Christoph Röckerath, ZDF-Reporter, über Haiti, zensierte Bilder, Mitleid im Job und Schlafplätze

Herr Röckerath, Sie waren nach dem Erdben in Haiti als einer der ersten Journalisten im Katastrophengebiet. Wo und wie schlafen Sie jetzt überhaupt?



Die ersten Nächte haben wir auf dem Rollfeld des Flughafens verbracht. In Häusern ist man hier einfach nicht sicher. An Schlaf war da aber nicht zu denken. Mittlerweile schlafen wir in Zelten im Garten der Deutschen Botschaft in Port-au-Prince, drei, vier Stunden die Nacht. Von fünf Uhr bis 18 Uhr sind wir unterwegs. Um 18 Uhr müssen wir aus Sicherheitsgründen zurück sein. Dann wird produziert.

Haben Sie in der Botschaft Toiletten?

Eine.

Man liest von Plünderungen, Lynchmorden in den zerstörten Gebieten.

Die gibt es, aber ich habe mich noch nicht bedroht gefühlt. Der Großteil der Menschen ist dankbar. Sie sind flehend, nicht fordernd. Das kann natürlich auch ganz schnell kippen. Inzwischen haben wir ein gepanzertes Fahrzeug mit Leibwächtern. Außerdem versuchen wir Journalisten unauffällig aufzutreten.

In einem „heute-journal“-Beitrag bat Sie eine verzweifelte Frau vor der Kamera direkt um Hilfe. Dort war offenbar noch gar nichts angekommen.
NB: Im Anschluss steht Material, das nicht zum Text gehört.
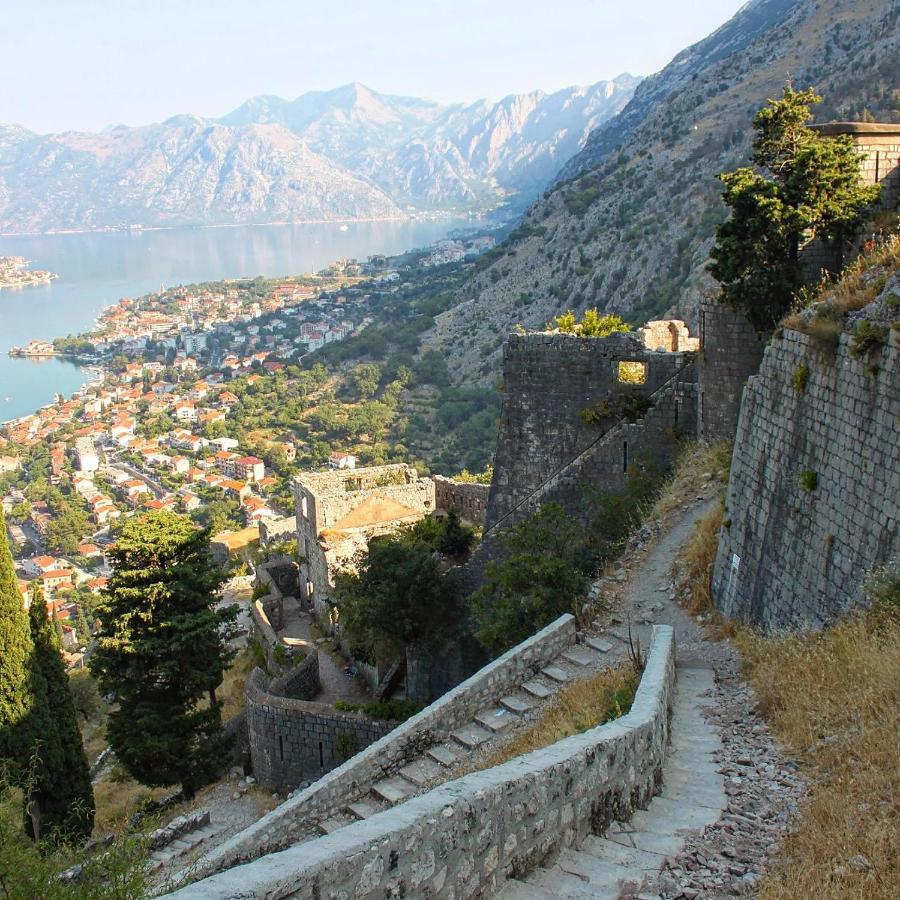 Ferienwohnung Old Town Kotor Square Exterior foto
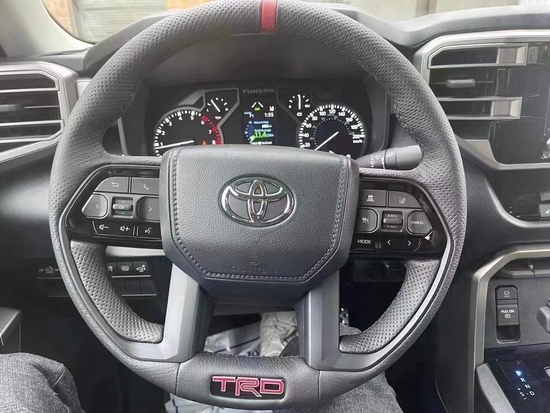 全新福特猛禽&sol;豐田坦途到港，3&period;5TT V6&plus;10AT&plus;五連桿後懸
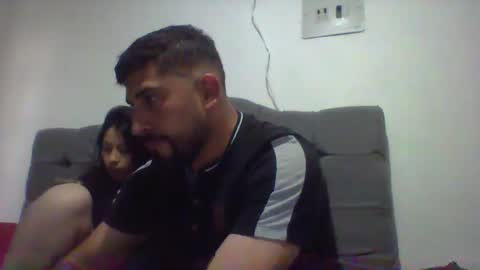 Snapshot of reyalad_mariana chatting on 03/04/25, 12:12 REYALAD online show from 03/04/25, 12:12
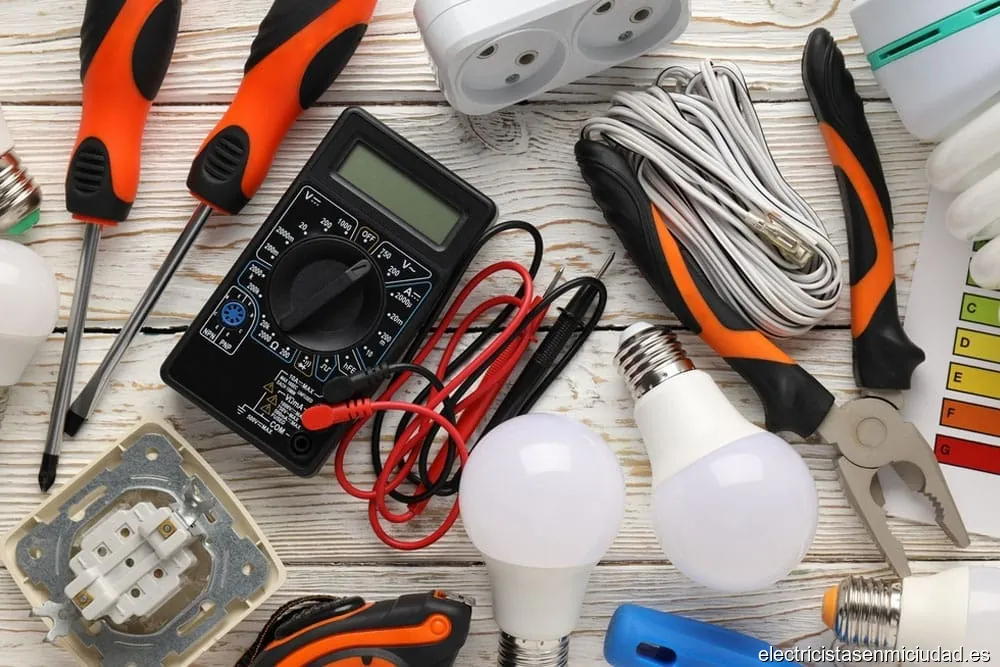 Hector Sinisterra - Electricista e Instalador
Wie fühlt man sich da als Reporter? Kommen sich Anteilnahme und Job nicht in die Quere?

Das war erstaunlicherweise mitten in Port-au-Prince. Anfangs war dort nackter Terror. Eine Frau sagte: Bitte helft mir! Wir haben kein Wasser. Ich hatte drei Flaschen im Auto, aber ein Begleiter wies mich darauf hin, was passieren würde, wenn ich die jetzt heraushole. Klar, das ist eine äußerst schwierige Situation. Ich versuche, den Menschen zu vermitteln, dass die Welt durch unsere Arbeit, durch unsere Berichte erst erfährt, was in Haiti wirklich los ist.

Gab es Situationen, in denen Sie sich oder der Redaktion gesagt haben: Das sollten wir auf gar keinen Fall zeigen?

Oh ja, ganz oft. Wir müssen bei dem, was wir hier machen, die Menschenwürde beachten. Ich habe gesehen, wie Leichenberge einfach aus Lastern weggekippt wurden. Diese Bilder zeigen sie natürlich nicht im „heute-journal“.

Wie lange werden Sie noch vor Ort bleiben, bleiben müssen?

Es ist kein Ende absehbar. Unsere Berichterstattung soll nachhaltig sein.